Henry Dunant, tüm bunlarla uğraşırken Cezayir‘deki şirketinin yönetimini ihmal etmişti. 1867’de yönetim kurulu üyesi olduğu Crédit Genevois Bankası iflas etti. Bütün parasını yitiren ve İsviçre‘yi terk etmek zorunda kalan iş adamı Henry Dunant,, Kızılhaç Komitesi’nden de istifa etmek zorunda kaldı ve Paris‘e yerleşti.
Paris‘e geldikten sonra Kızılhaç ile ilgili geçmiş çalışmalarından ötürü kraliyet ailesi ve aristokrat çevrelerden saygı görerek birkaç yıl yaşadı ve Fransız Kızılhaç örgütünün kuruluşunda uzmanlığına başvuruldu. 1871’de Fransa’nın yenilgisi ve III. Napolyon’un esir alınması ile sonuçlanan Fransa-Prusya Savaşı’nın ardından devam eden Paris kuşatmasının ve Sivil Savaşın mağdurlarına yardım için “Alliance Universelle de l’ordre et de civilisation” adlı bir örgüt kurdu. Bu örgüte Londra‘da sürgünde bulunan İmparator III. Napolyon‘dan destek geldi.
Henry Dunant, yeni misyonu olan savaş mahkûmları için bir uluslararası sözleşme imzalanması konusunda destekçiler bulmak için Ağustos 1872’de Londra‘ya gitti. 1874’te Brüksel‘de uluslararası konferans düzenledi.
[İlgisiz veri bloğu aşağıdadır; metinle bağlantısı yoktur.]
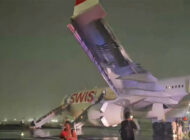 Swiss Havayolu’na ait A330 uçağının motoru kalkışta alev aldı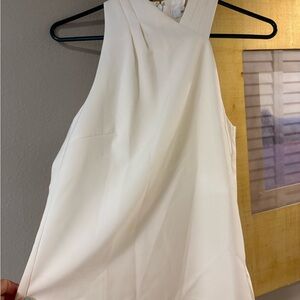 Milly’s - Elegant Classic Cream Sleeveless Top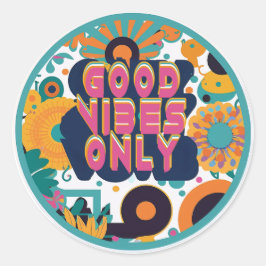 Adesivo Redondo Víblias de Groovy Good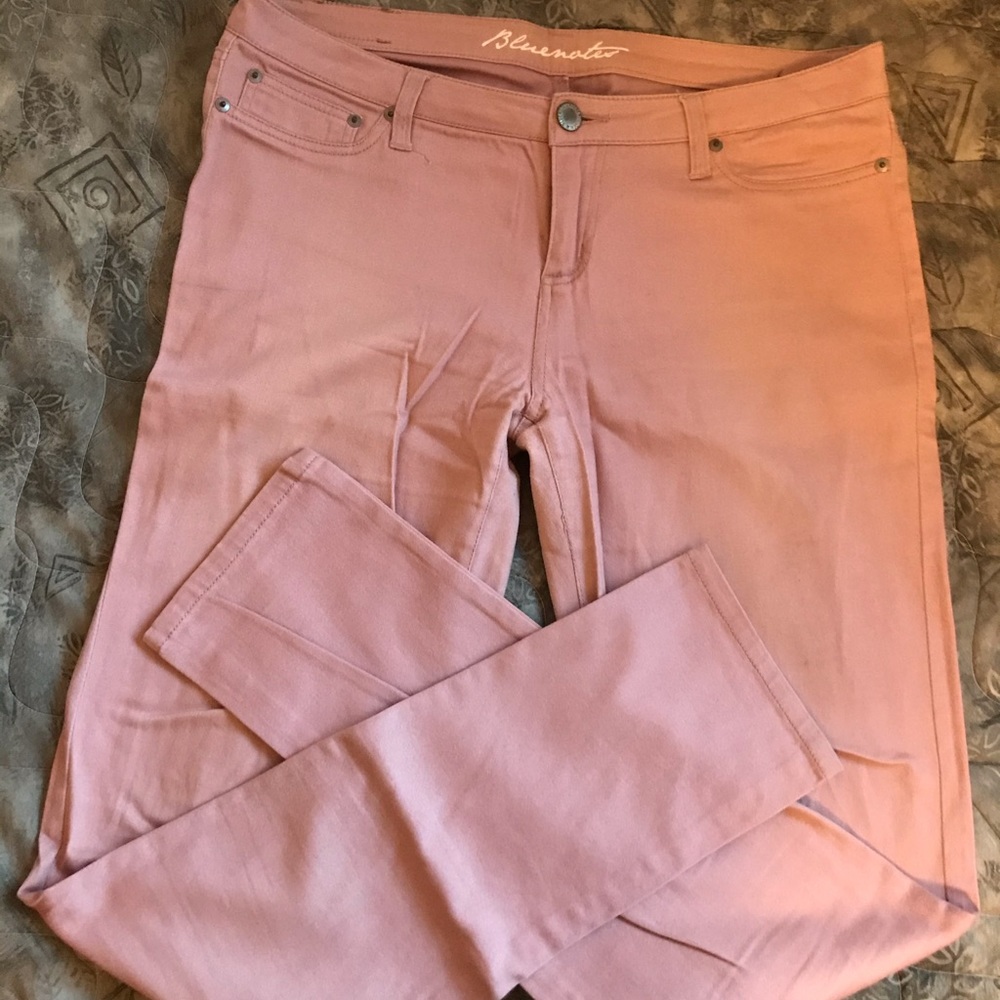 Baby pink/mauve skinny jeans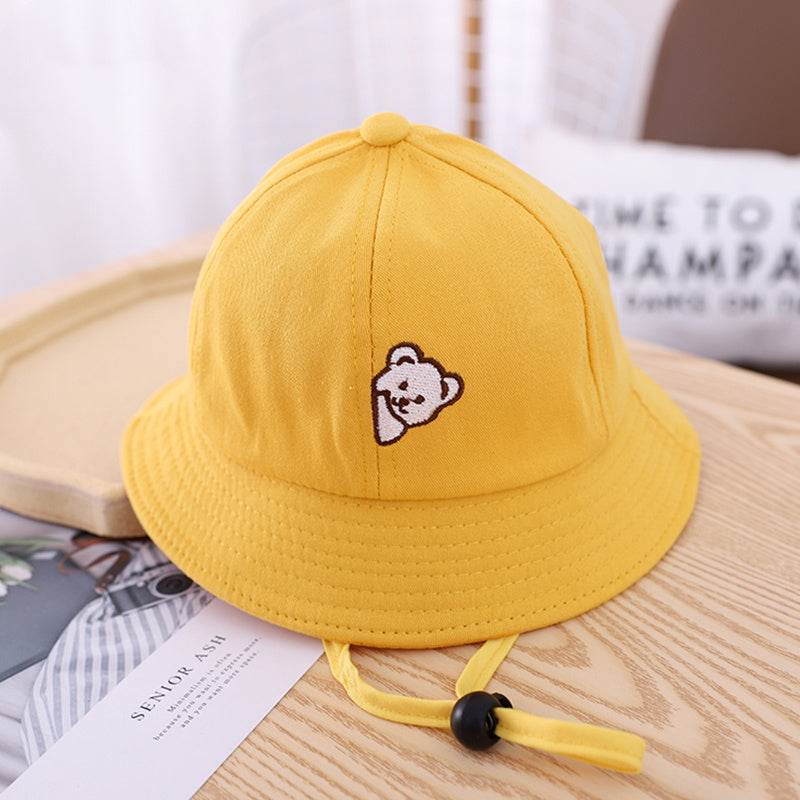 Cute And Super Cute Fisherman Hat Young Yellow MuddyStock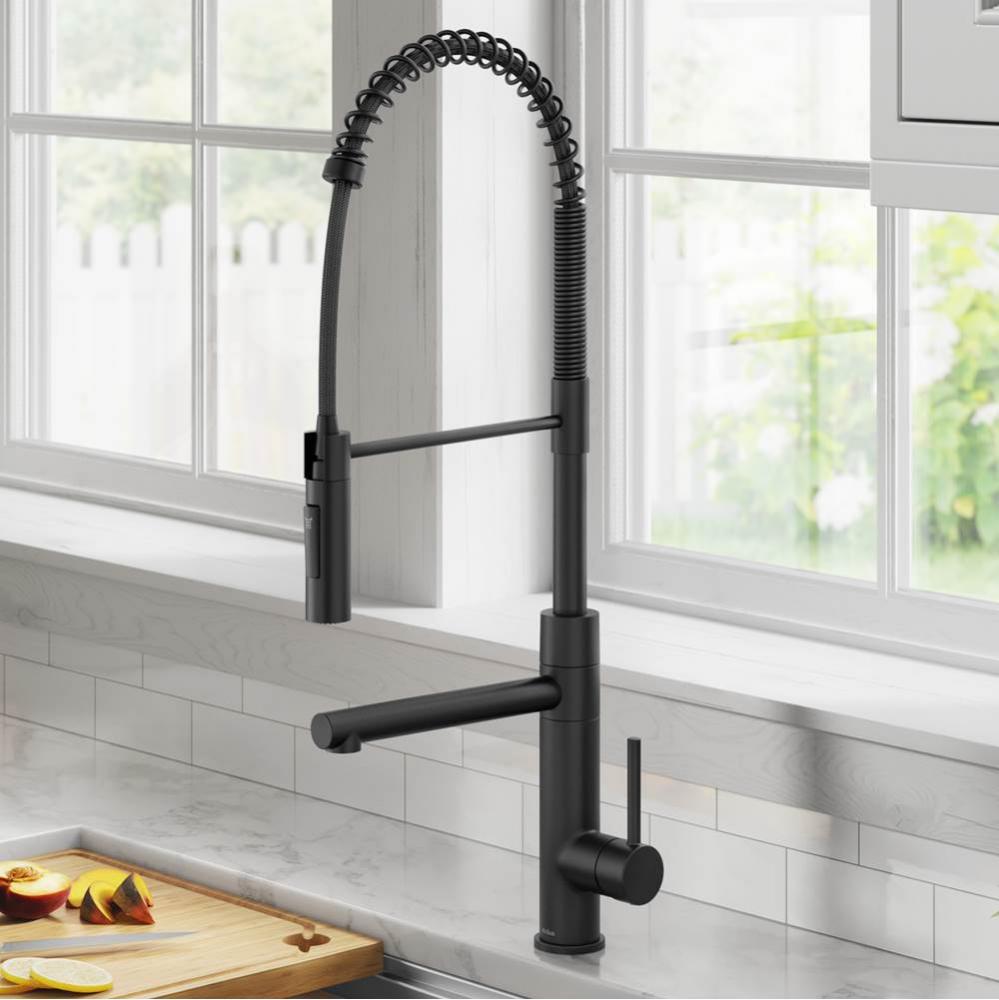 KRAUS Artec Pro Commercial Style Pull-Down Single Handle Kitchen Faucet with Pot Filler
Ayrıca köleliği kaldırmak için Berlin‘de bir konferans organize edilmesine çalıştı.
Henry Dunant’ın kısa süren tanınmışlık dönemi, zamanla yerini unutulmuşluğa bıraktı. Avrupa kentlerinde dolaşıp eski arkadaşlarının yardımı ve Cenevre‘deki ailesinden gelen küçük bir aylık ile yaşamını sürdürdü. 1875-1895 arasında inzivaya çekilerek Haiden adlı küçük bir İsviçre kasabasında yaşadı.
1890 yılında onu bulan bir köy öğretmeni, Henry Dunant’ın sağ olduğunu dünyaya duyurdu fakat bu haber çok ilgi çekmedi. 1892’de hastalığı nedeniyle bir düşkünler evine yerleşti ve hayatının son 18 yılını orada geçirdi.
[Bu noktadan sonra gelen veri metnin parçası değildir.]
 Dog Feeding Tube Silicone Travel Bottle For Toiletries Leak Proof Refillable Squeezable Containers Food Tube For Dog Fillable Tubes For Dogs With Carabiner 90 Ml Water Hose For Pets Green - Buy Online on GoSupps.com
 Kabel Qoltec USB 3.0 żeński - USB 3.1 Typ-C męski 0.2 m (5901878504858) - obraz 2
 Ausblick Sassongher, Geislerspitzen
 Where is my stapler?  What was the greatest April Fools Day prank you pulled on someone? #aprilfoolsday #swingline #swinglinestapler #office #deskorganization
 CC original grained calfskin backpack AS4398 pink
1895 yılında Henry Dunant’ın sağ olduğu İsviçreli gazeteci Georg Baumberg tarafından yeniden gündeme getirildiğinde bu sefer, haber bir sansasyon yarattı. Henry Dunant’a pek çok hayranlık mesajı ve ödül yağdırıldı. O, sağlanan tüm imkanlara ve verilen ödüllere rağmen düşkünler evindeki odasından ayrılmadı.
Gösterdiği çabalar nedeniyle 1901 yılında ilk kez verilen Nobel Barış Ödülü almıştır.
Henry Dunant, 30 Ekim 1910 tarihinde Heiden, İsviçre’de 82 yaşında ölmüştür. Vasiyeti gereği Zürih’te cenaze töreni yapılmadan gömüldü.